## PROBLEM TO WORK ON
Reproduce word for word every line from the one containing "Apostel sind nicht" to the final line of the data below; omit the pictures.

## DATA FOR PROCESSING
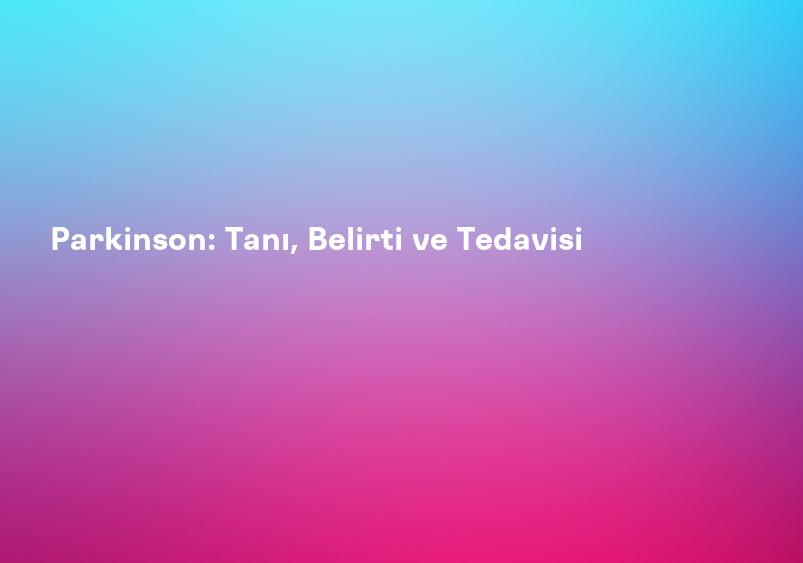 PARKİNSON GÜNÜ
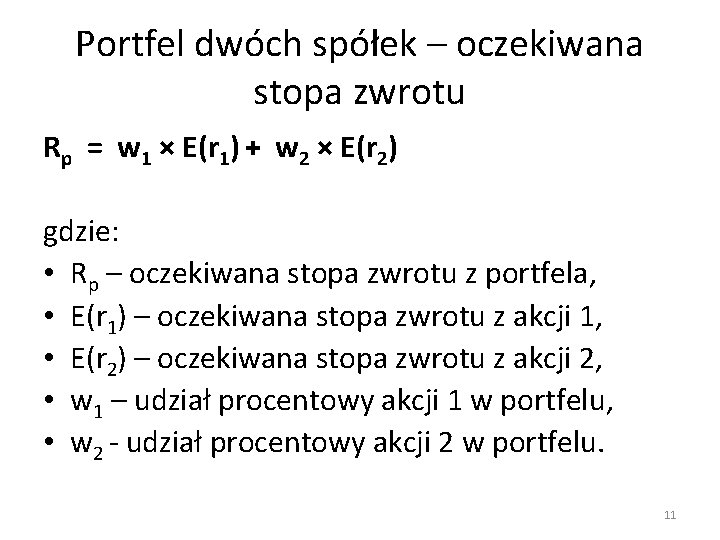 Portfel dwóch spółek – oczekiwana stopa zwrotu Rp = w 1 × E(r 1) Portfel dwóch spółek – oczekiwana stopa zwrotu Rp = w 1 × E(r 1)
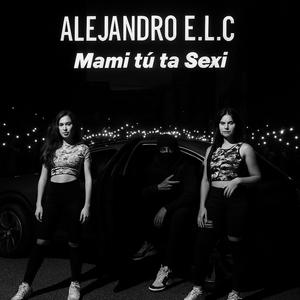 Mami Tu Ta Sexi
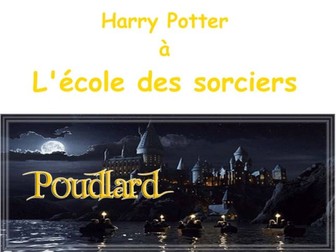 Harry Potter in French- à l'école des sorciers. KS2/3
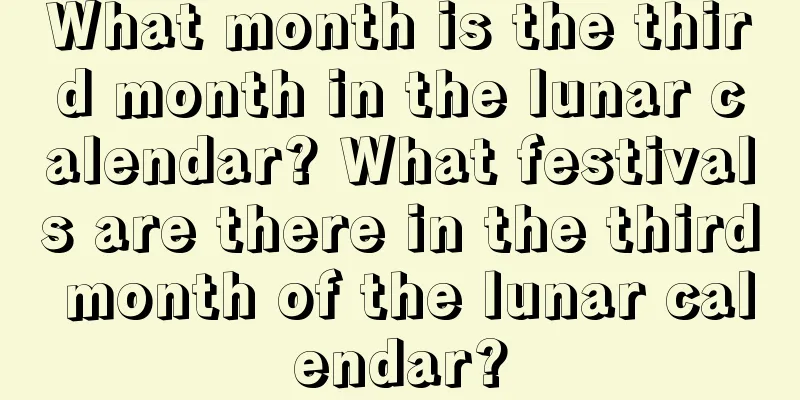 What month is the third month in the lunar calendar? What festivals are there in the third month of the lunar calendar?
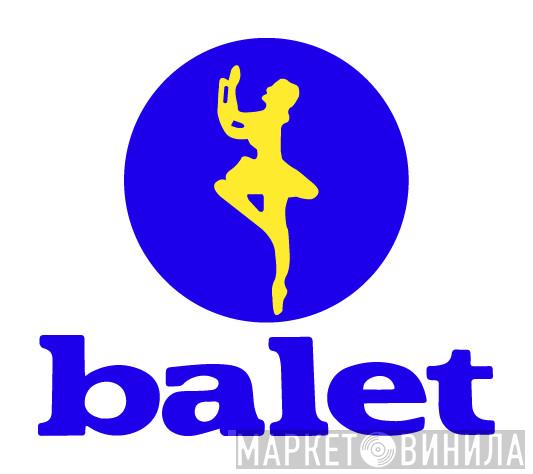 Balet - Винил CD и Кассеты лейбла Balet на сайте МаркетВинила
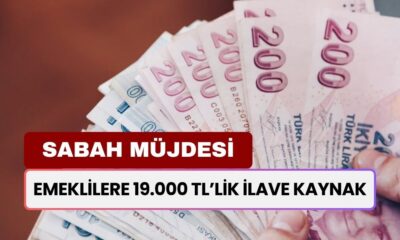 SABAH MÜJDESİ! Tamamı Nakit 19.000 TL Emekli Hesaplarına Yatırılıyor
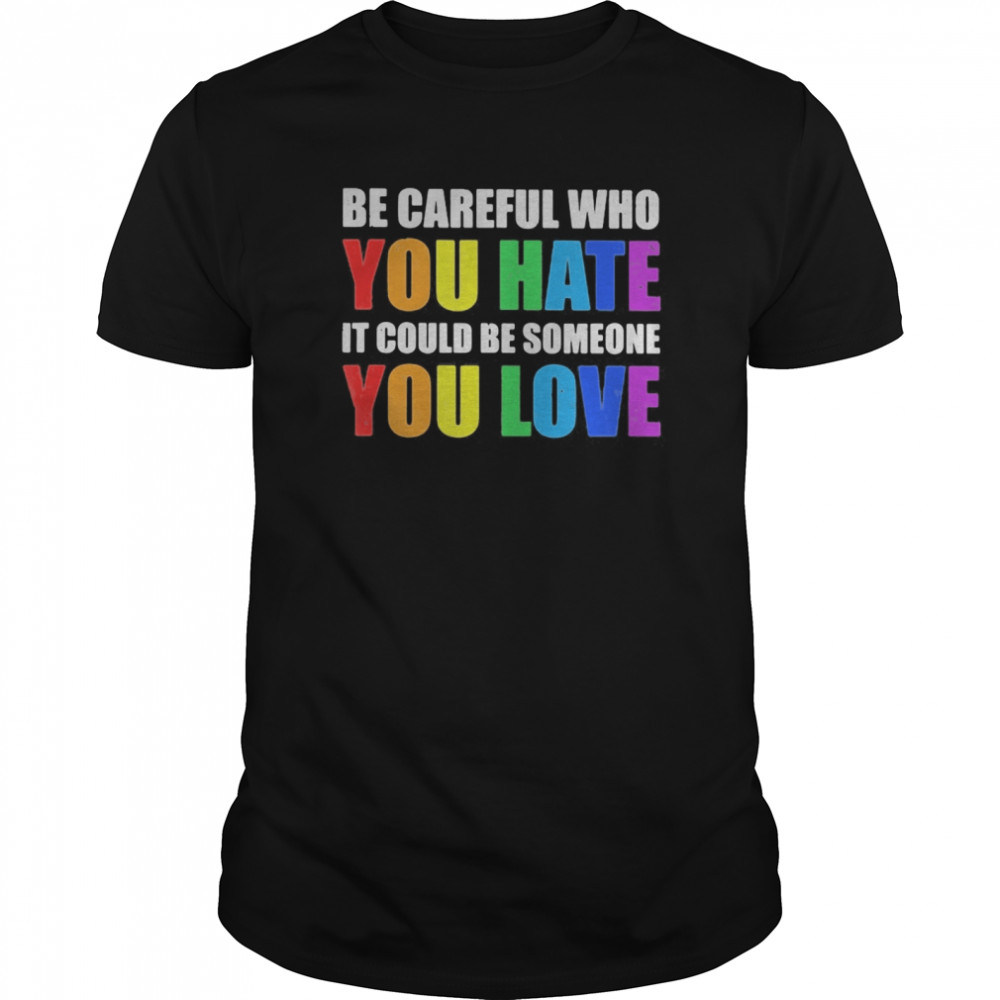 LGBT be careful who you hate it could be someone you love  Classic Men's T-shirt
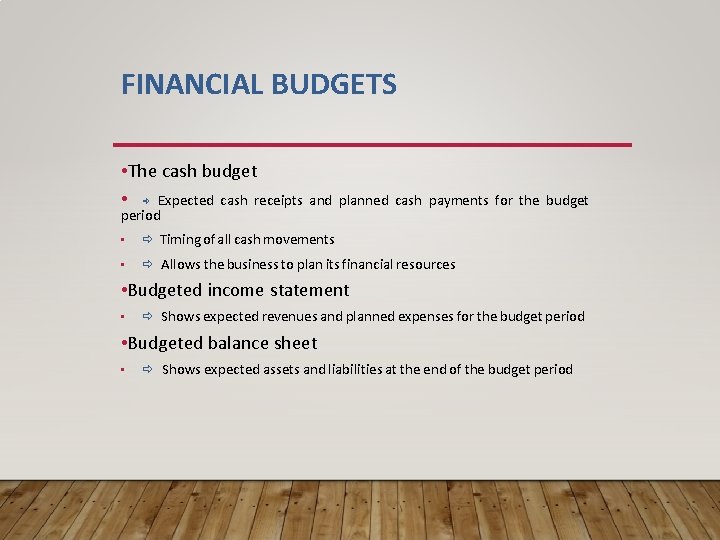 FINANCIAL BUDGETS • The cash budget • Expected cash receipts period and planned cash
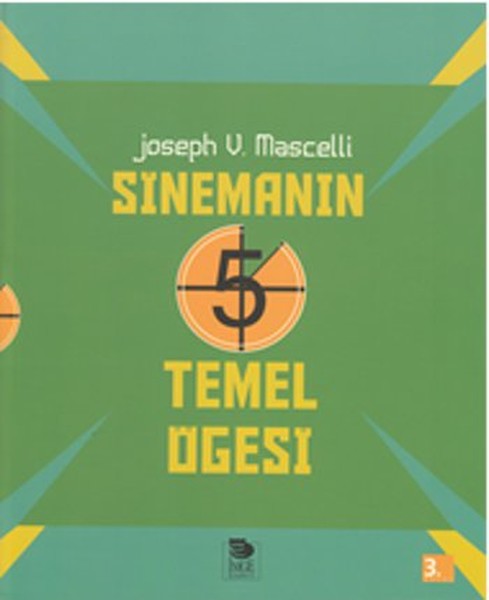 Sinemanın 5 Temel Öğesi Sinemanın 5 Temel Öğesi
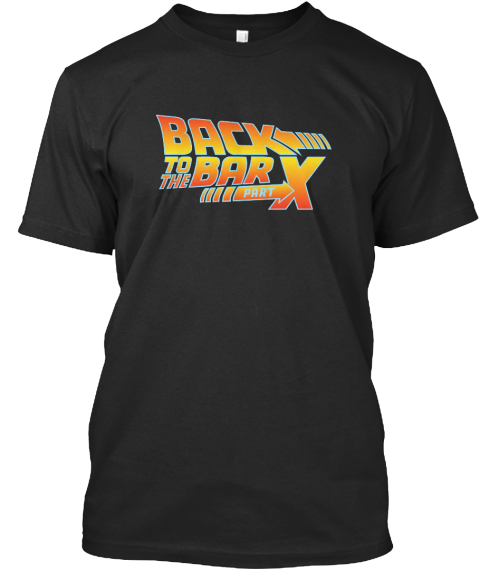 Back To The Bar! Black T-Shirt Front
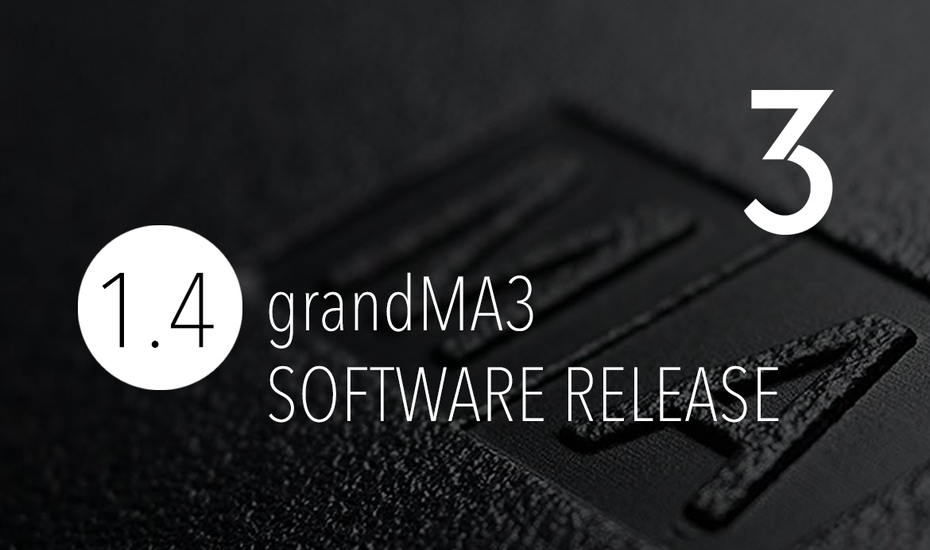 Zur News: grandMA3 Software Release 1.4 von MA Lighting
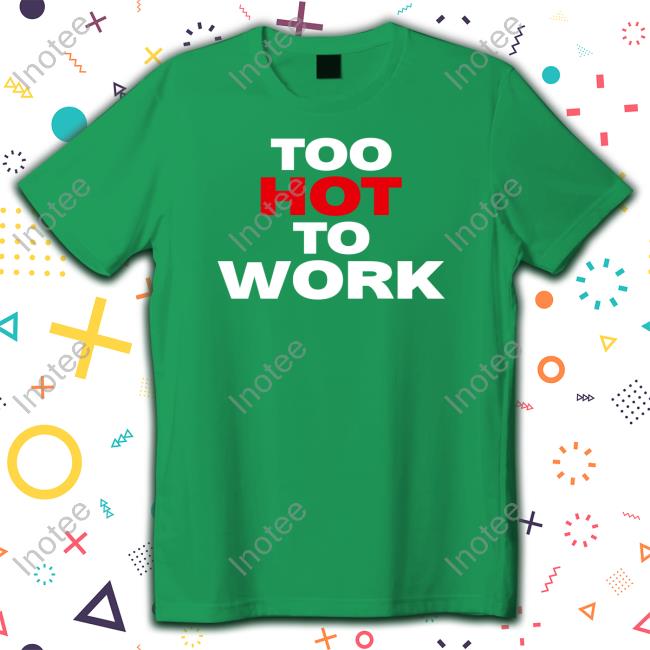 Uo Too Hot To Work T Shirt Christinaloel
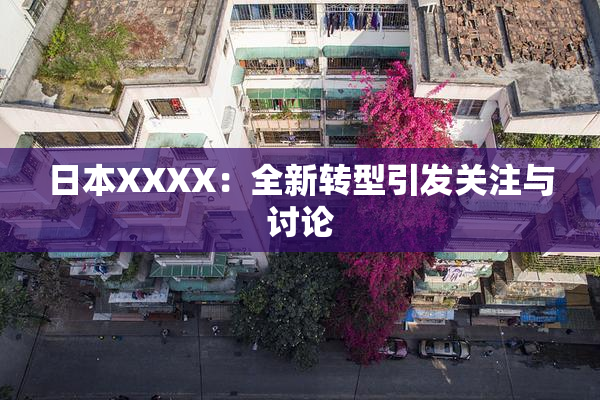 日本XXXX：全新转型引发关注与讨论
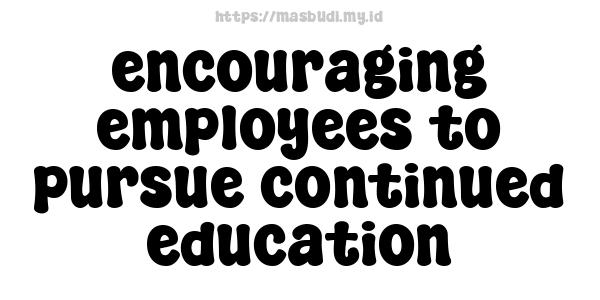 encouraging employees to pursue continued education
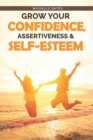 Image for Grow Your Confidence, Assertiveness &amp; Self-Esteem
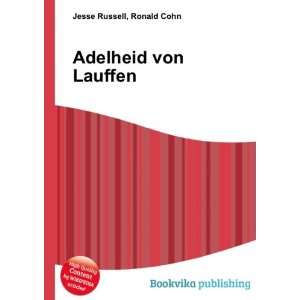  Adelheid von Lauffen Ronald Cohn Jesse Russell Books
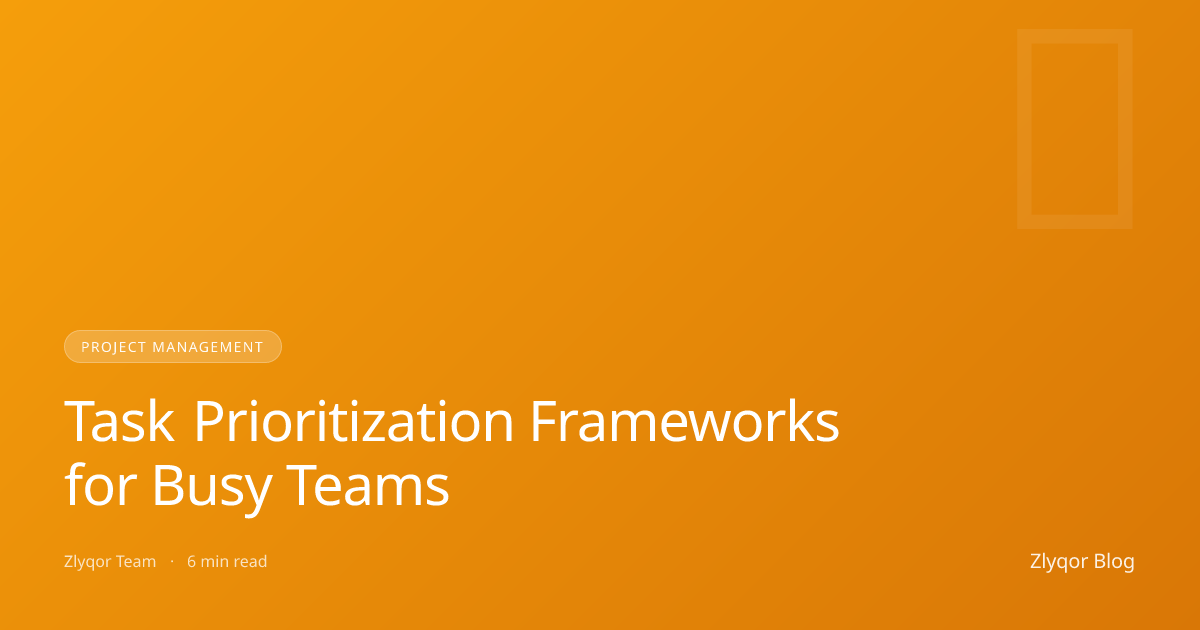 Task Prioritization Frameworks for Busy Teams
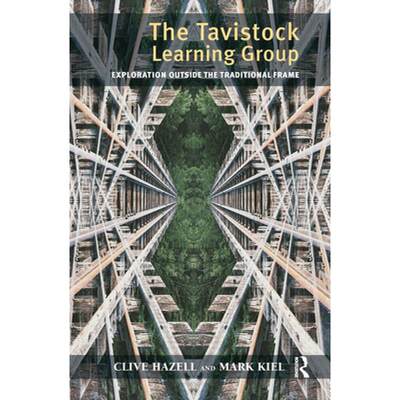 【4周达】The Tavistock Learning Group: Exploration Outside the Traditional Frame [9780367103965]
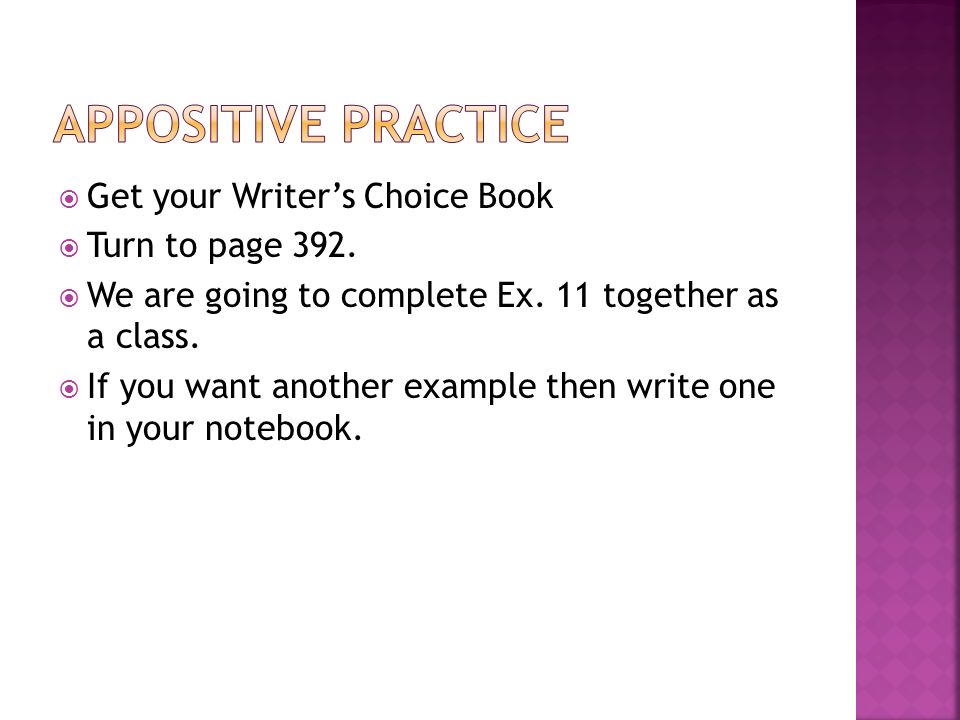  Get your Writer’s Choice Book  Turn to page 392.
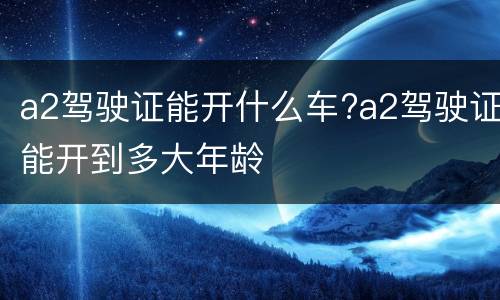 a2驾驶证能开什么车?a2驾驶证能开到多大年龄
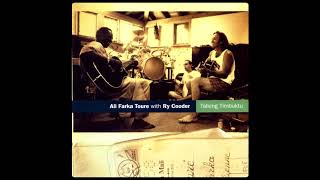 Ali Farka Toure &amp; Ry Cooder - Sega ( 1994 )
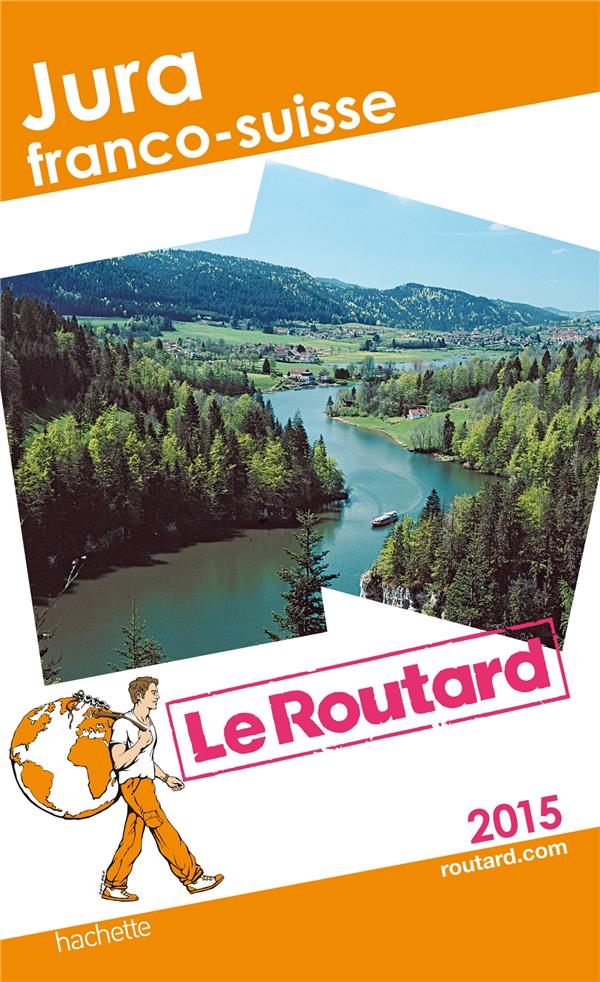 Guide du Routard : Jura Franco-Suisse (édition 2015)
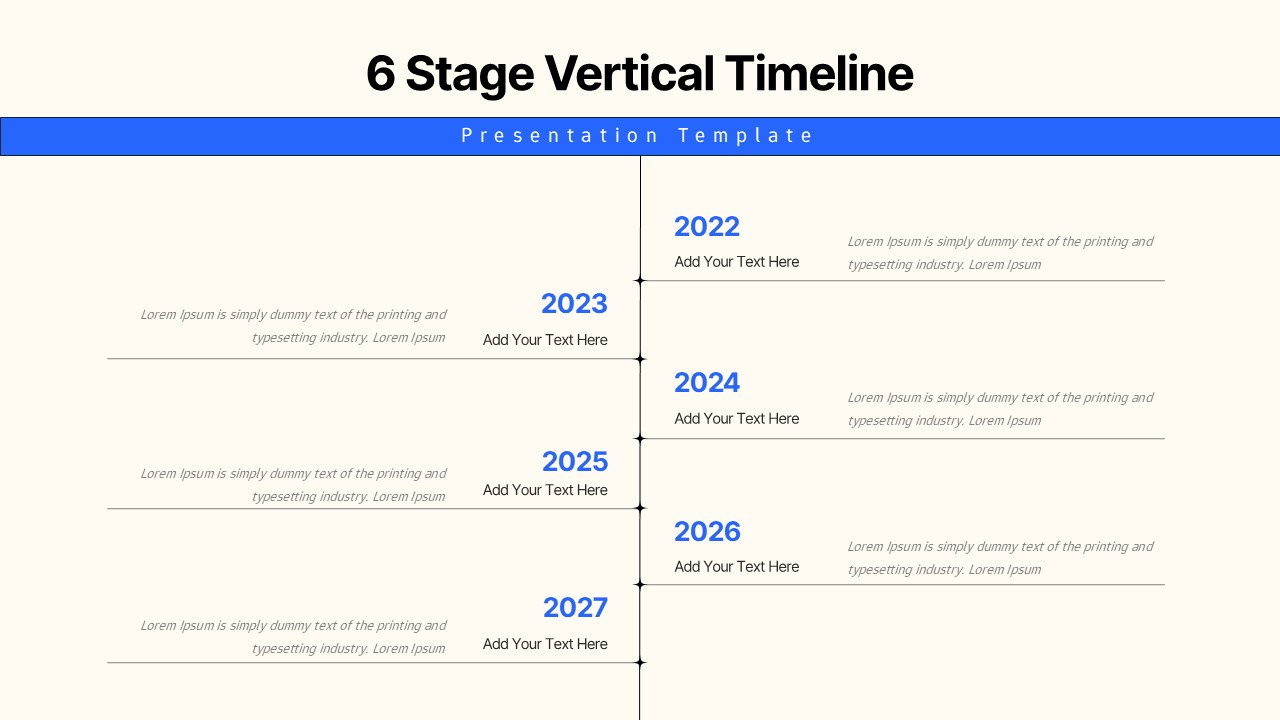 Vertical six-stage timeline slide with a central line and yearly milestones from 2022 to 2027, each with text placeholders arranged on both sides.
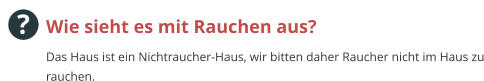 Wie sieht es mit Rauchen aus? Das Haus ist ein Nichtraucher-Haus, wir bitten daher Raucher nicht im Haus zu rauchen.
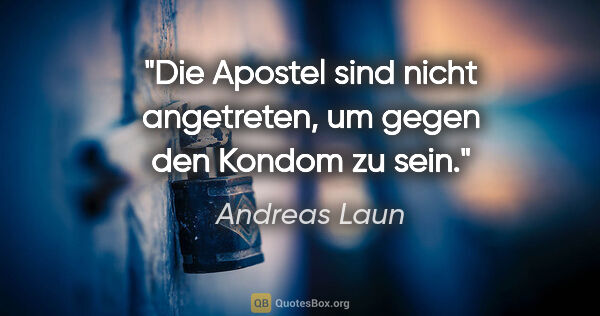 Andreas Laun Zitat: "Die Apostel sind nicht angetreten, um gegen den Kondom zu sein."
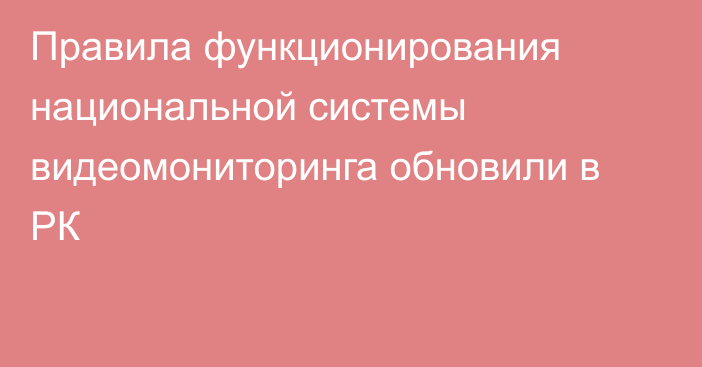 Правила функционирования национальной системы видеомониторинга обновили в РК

## RESULT OF THE TASK
 Andreas Laun Zitat: "Die Apostel sind nicht angetreten, um gegen den Kondom zu sein."
 Правила функционирования национальной системы видеомониторинга обновили в РК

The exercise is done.